Where the data below has the string "Size", return the whole line.

(Saved data entries)
= = = = =

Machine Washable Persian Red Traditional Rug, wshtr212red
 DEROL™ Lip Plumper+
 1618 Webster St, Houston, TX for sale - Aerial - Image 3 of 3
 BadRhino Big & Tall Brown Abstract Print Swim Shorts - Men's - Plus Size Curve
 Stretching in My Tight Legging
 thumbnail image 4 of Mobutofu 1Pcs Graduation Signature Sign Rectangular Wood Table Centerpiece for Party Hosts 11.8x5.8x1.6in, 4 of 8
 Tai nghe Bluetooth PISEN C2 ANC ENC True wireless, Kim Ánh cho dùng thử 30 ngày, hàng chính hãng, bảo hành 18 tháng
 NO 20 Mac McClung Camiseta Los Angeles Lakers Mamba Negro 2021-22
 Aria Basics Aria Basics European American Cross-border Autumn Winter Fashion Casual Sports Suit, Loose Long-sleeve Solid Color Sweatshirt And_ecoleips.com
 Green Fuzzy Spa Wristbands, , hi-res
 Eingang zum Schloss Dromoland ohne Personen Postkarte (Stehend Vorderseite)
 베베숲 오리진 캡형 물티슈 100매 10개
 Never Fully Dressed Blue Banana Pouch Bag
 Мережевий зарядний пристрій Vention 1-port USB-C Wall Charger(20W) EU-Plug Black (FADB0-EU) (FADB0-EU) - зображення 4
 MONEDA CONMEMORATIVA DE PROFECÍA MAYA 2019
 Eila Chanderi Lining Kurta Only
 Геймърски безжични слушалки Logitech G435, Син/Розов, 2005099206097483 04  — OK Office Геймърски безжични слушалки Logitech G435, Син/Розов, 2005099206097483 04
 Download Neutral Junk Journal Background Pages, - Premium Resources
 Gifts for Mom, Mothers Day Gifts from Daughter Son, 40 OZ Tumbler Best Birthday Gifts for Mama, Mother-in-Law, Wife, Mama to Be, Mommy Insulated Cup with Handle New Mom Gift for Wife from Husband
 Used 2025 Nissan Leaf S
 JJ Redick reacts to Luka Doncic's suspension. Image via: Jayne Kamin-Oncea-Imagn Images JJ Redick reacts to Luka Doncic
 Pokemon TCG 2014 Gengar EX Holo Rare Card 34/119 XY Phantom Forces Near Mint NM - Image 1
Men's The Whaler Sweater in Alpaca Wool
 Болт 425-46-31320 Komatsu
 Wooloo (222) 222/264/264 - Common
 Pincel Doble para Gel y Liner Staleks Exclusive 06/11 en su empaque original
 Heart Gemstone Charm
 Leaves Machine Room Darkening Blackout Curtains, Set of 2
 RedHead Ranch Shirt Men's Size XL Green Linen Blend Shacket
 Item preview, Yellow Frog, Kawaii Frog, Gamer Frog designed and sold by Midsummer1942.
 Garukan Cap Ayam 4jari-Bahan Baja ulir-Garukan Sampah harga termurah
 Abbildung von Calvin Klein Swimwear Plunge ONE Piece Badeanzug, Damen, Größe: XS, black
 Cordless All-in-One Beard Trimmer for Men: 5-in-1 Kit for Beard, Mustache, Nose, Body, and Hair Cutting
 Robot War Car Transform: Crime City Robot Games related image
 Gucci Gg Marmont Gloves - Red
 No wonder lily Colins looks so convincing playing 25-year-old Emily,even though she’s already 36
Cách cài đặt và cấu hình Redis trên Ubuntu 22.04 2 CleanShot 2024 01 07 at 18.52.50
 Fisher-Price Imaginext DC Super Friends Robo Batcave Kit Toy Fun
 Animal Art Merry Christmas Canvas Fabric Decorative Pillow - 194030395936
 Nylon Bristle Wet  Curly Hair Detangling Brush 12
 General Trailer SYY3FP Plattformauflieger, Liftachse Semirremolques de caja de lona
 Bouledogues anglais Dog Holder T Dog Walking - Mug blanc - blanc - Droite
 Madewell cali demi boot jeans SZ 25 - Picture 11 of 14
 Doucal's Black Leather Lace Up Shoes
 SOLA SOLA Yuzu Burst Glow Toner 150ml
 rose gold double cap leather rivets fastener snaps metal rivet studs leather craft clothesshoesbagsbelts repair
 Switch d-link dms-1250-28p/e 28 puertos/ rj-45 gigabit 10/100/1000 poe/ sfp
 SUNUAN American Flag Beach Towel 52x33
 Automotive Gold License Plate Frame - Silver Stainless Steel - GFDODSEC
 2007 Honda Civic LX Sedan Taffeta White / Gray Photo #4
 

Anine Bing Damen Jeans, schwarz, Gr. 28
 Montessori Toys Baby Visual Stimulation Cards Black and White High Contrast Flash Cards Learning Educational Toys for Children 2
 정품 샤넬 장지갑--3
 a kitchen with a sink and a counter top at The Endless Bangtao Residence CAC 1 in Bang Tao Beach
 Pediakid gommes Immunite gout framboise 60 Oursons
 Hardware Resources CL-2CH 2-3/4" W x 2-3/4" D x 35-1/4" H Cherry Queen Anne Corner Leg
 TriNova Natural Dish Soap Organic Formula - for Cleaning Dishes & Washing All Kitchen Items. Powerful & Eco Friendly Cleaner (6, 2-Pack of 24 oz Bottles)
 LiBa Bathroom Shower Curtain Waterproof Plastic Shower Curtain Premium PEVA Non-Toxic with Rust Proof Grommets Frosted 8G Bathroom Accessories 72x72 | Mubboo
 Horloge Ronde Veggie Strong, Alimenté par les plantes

= = = = =

## Solution for this task:
 BadRhino Big & Tall Brown Abstract Print Swim Shorts - Men's - Plus Size Curve
 RedHead Ranch Shirt Men's Size XL Green Linen Blend Shacket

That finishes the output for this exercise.